Manufacturer states that Saxenda preparation is not intended for use in the treatment of type 2 diabetes mellitus. In addition, Saxenda should not be used in combination with any other GLP-1 receptor agonist or with insulin.

Safety and efficacy in combination with other weight-loss products (prescription or OTC drugs, dietary or herbal supplements) not established.

Safety and efficacy not established in patients with a history of pancreatitis.
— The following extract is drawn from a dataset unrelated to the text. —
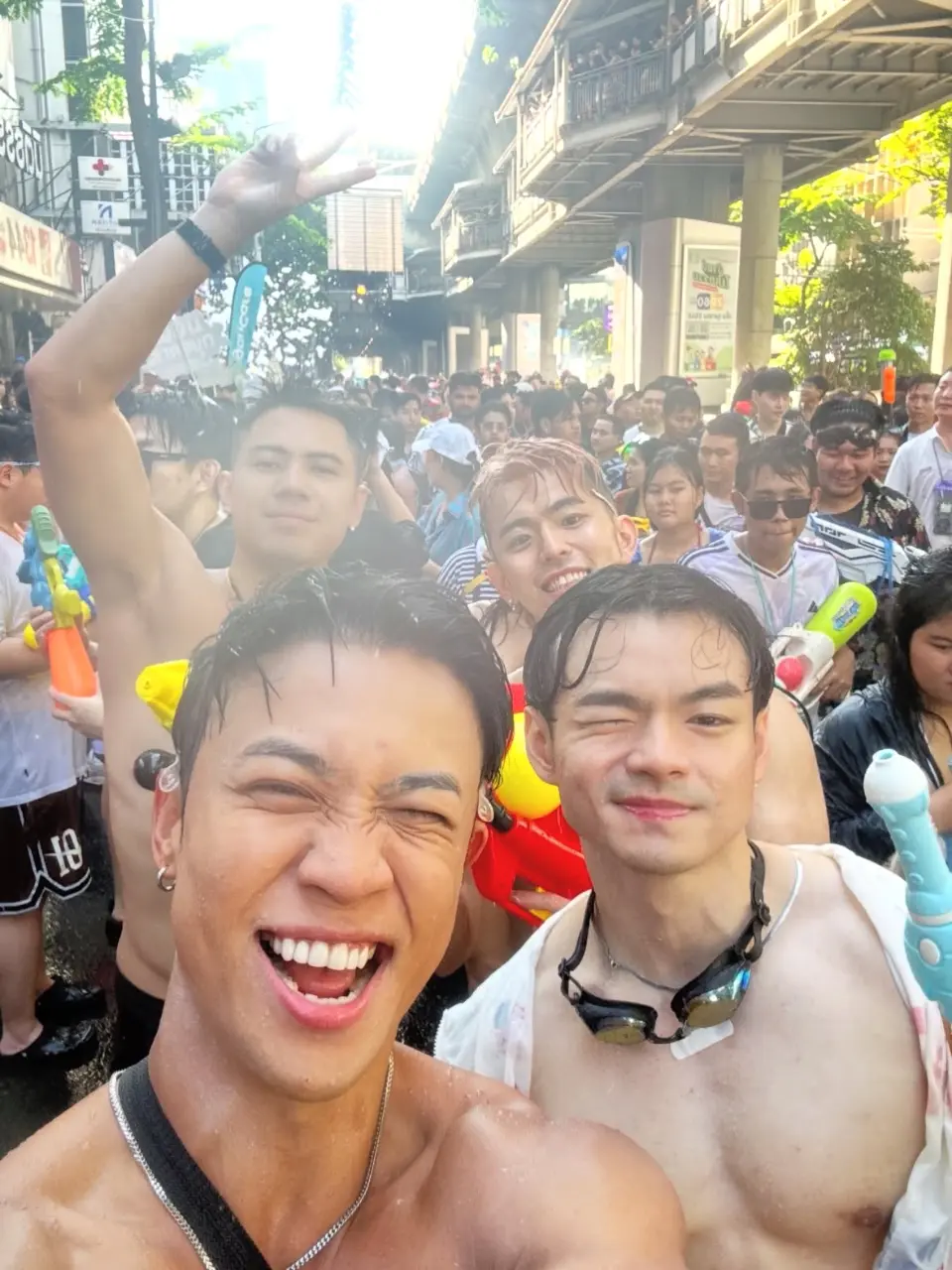 น้ำหนุ่มๆ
Safety and efficacy in combination with insulin not established in the management of obesity; do not use with insulin for obesity management.

There is some evidence suggesting once-weekly sub-Q semaglutide injections produce greater weight loss than once-daily sub-Q liraglutide injections.

Clinical practice guidelines recommend that patients with excess body weight and associated health risks be treated for obesity. Essential component of therapy is a comprehensive lifestyle intervention; may consider pharmacologic therapy as an adjunct in patients who fail to achieve or sustain clinically meaningful weight loss (generally defined as loss of >4–5% of total body weight) with behavioral modification alone. Evaluate response to drug therapy after 3–4 months; if clinically meaningful weight loss not achieved, consider new treatment plan because patient is likely not responding to the drug.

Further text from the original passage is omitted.